Work required
Write out exactly the lines from the one containing "Smiggle Happy Bento Lunch Box Spill Free" to the end of the material, both ends included, and nothing else. Leave pictures out.
(Exercise input Opens)
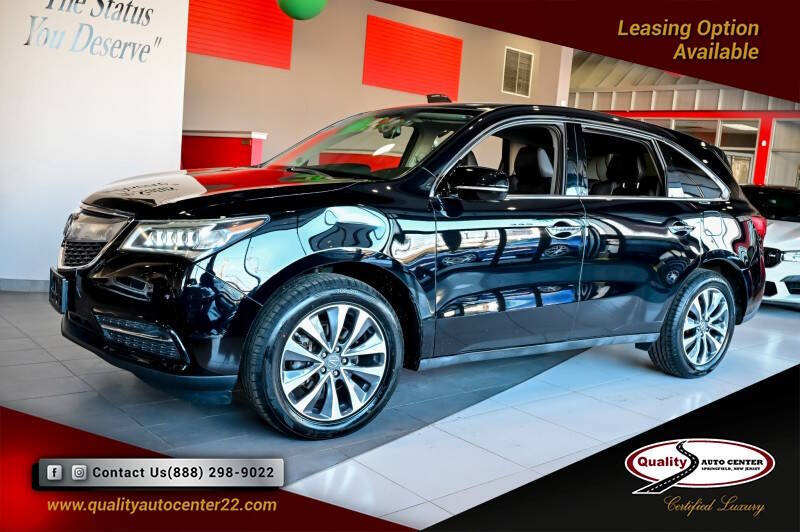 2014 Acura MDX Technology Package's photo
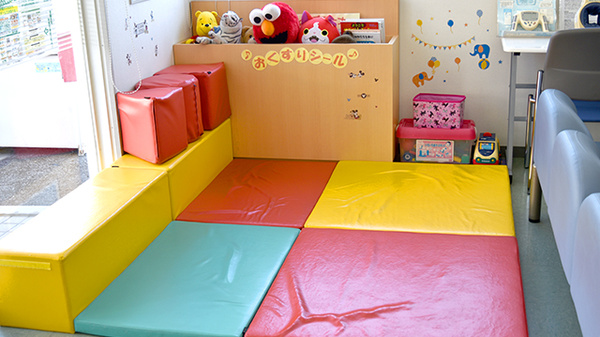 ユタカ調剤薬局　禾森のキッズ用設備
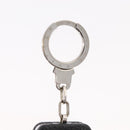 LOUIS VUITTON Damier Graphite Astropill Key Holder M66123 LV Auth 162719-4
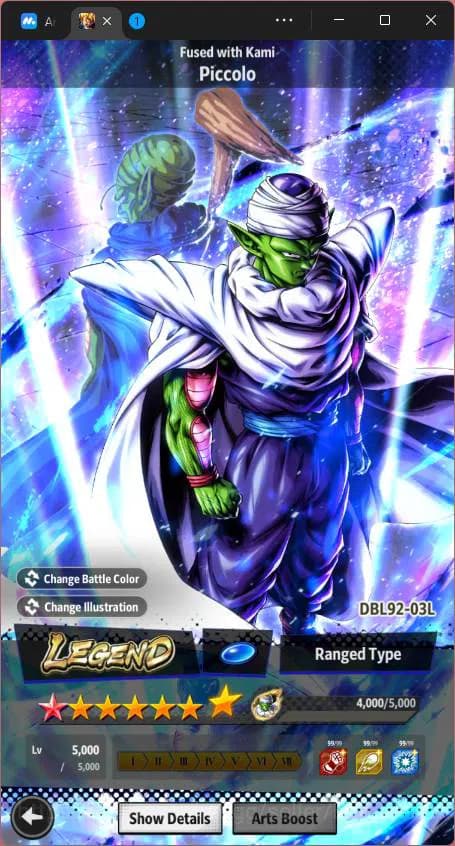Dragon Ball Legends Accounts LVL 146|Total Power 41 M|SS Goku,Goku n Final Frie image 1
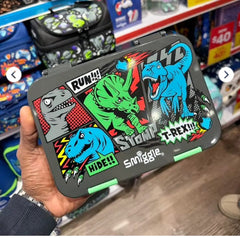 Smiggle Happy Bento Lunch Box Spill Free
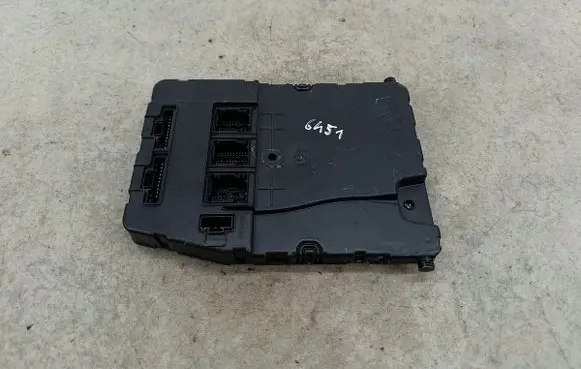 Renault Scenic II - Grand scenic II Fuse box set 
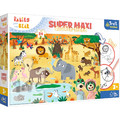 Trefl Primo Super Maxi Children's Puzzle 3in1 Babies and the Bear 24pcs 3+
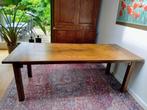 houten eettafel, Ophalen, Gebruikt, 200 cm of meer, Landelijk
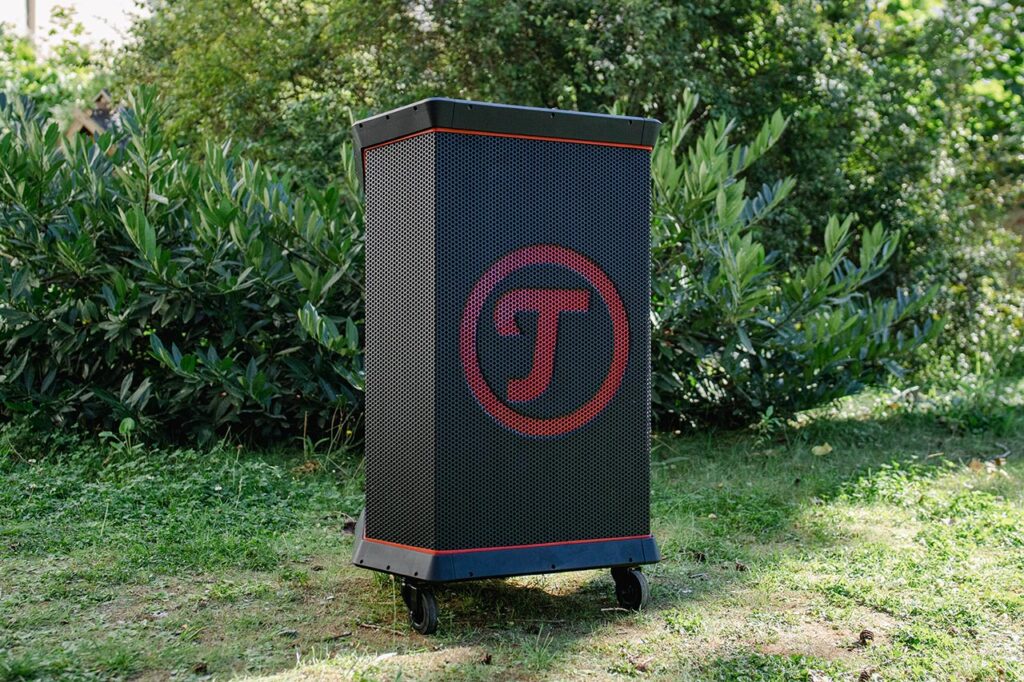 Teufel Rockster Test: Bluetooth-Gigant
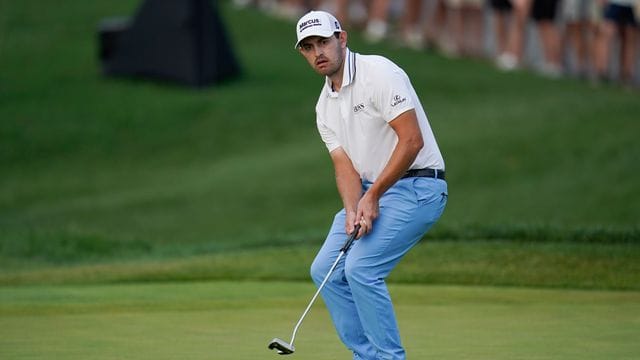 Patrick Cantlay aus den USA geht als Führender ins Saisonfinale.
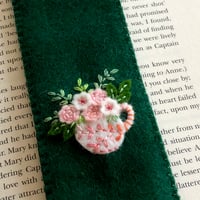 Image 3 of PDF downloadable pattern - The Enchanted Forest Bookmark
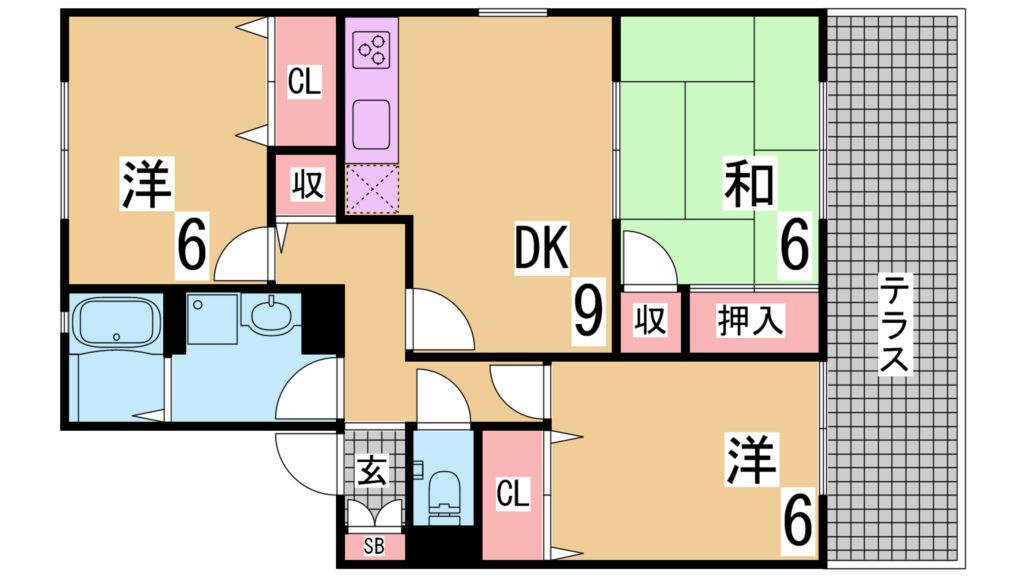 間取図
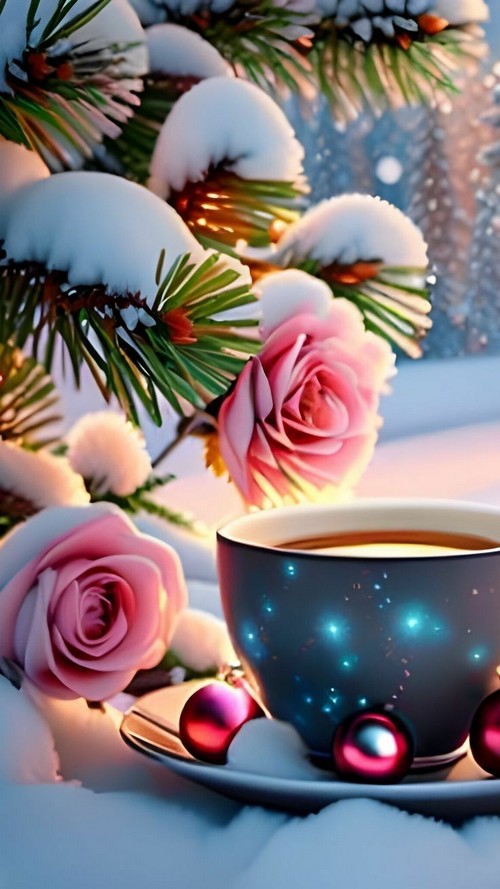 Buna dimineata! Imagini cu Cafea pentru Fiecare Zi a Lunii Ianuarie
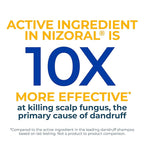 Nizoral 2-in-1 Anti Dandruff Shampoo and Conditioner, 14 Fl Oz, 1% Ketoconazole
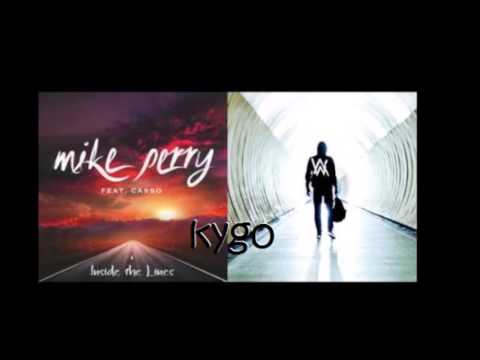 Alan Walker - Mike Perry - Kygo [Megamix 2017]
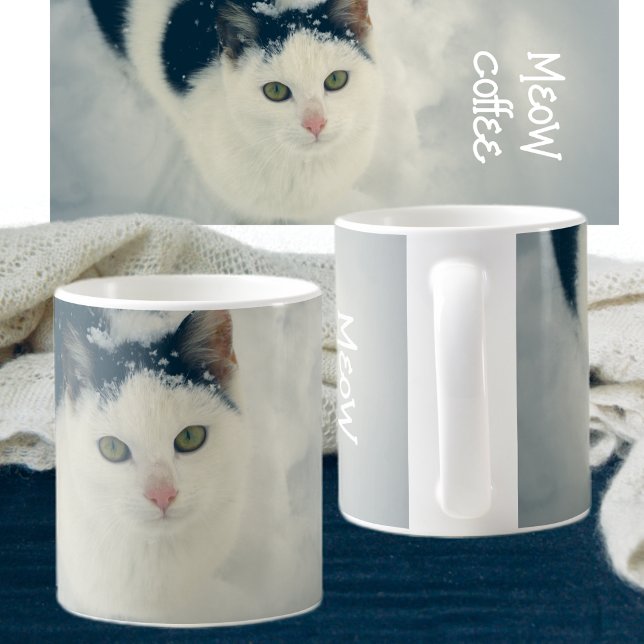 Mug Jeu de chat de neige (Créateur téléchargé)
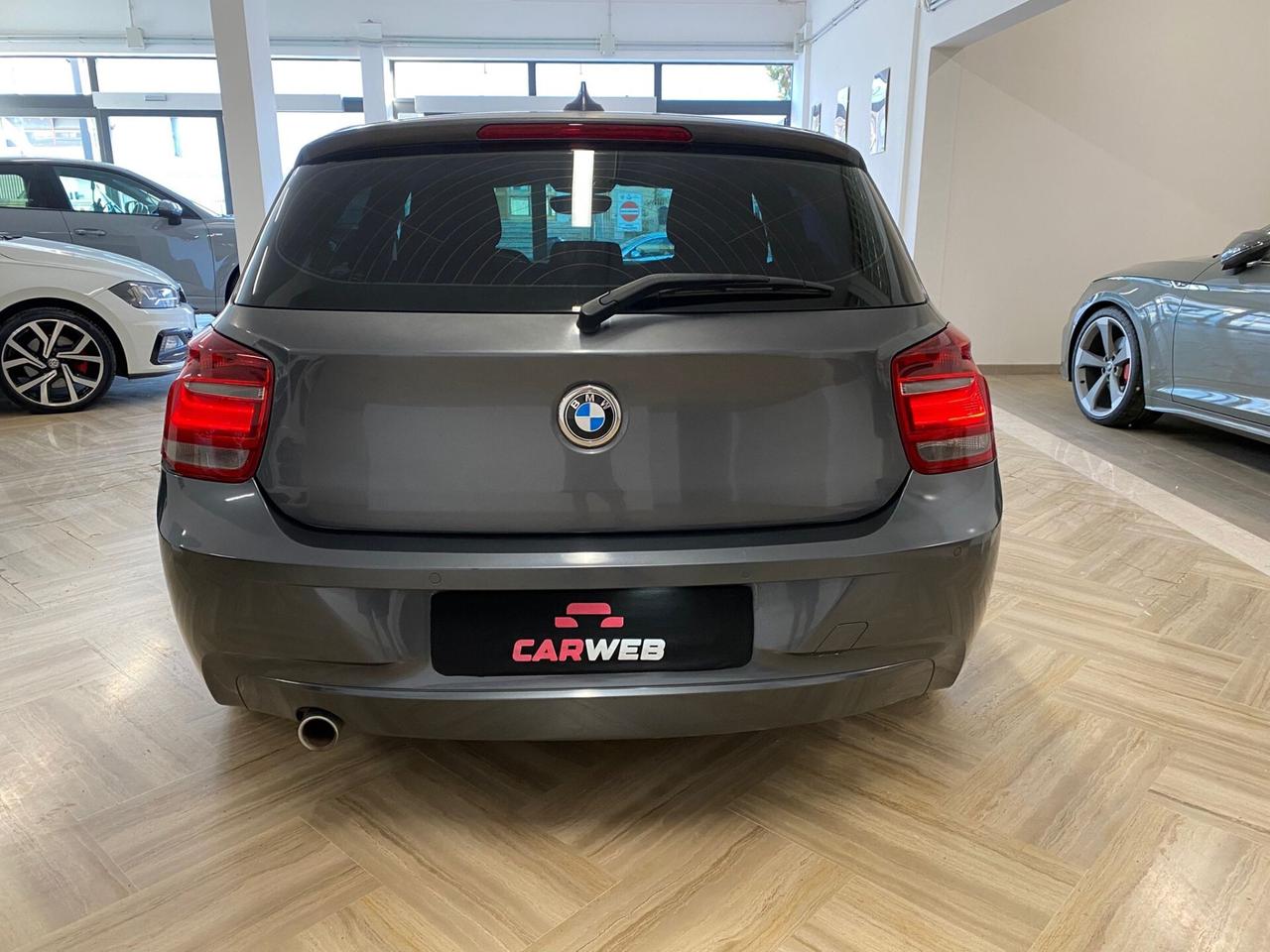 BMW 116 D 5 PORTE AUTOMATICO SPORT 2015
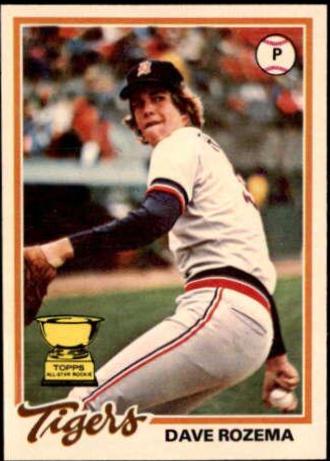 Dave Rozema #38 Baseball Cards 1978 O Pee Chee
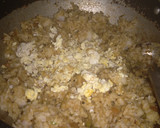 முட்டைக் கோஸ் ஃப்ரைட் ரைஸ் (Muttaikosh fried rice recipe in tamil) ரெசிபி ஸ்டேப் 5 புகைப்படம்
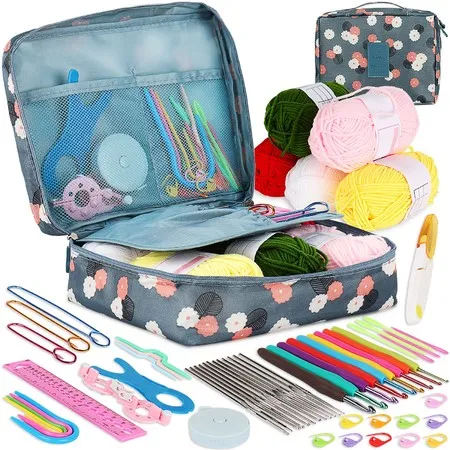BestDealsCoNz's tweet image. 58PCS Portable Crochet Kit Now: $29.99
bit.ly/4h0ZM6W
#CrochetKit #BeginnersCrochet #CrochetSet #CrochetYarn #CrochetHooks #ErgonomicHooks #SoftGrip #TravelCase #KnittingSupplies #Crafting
(Exercise input Closes)
Exercise answer
 Smiggle Happy Bento Lunch Box Spill Free
 Renault Scenic II - Grand scenic II Fuse box set 
 Trefl Primo Super Maxi Children's Puzzle 3in1 Babies and the Bear 24pcs 3+
 houten eettafel, Ophalen, Gebruikt, 200 cm of meer, Landelijk
 Teufel Rockster Test: Bluetooth-Gigant
 Patrick Cantlay aus den USA geht als Führender ins Saisonfinale.
 Image 3 of PDF downloadable pattern - The Enchanted Forest Bookmark
 間取図
 Buna dimineata! Imagini cu Cafea pentru Fiecare Zi a Lunii Ianuarie
 Nizoral 2-in-1 Anti Dandruff Shampoo and Conditioner, 14 Fl Oz, 1% Ketoconazole
 Alan Walker - Mike Perry - Kygo [Megamix 2017]
 Mug Jeu de chat de neige (Créateur téléchargé)
 BMW 116 D 5 PORTE AUTOMATICO SPORT 2015
 Dave Rozema #38 Baseball Cards 1978 O Pee Chee
 முட்டைக் கோஸ் ஃப்ரைட் ரைஸ் (Muttaikosh fried rice recipe in tamil) ரெசிபி ஸ்டேப் 5 புகைப்படம்
BestDealsCoNz's tweet image. 58PCS Portable Crochet Kit Now: $29.99
bit.ly/4h0ZM6W
#CrochetKit #BeginnersCrochet #CrochetSet #CrochetYarn #CrochetHooks #ErgonomicHooks #SoftGrip #TravelCase #KnittingSupplies #Crafting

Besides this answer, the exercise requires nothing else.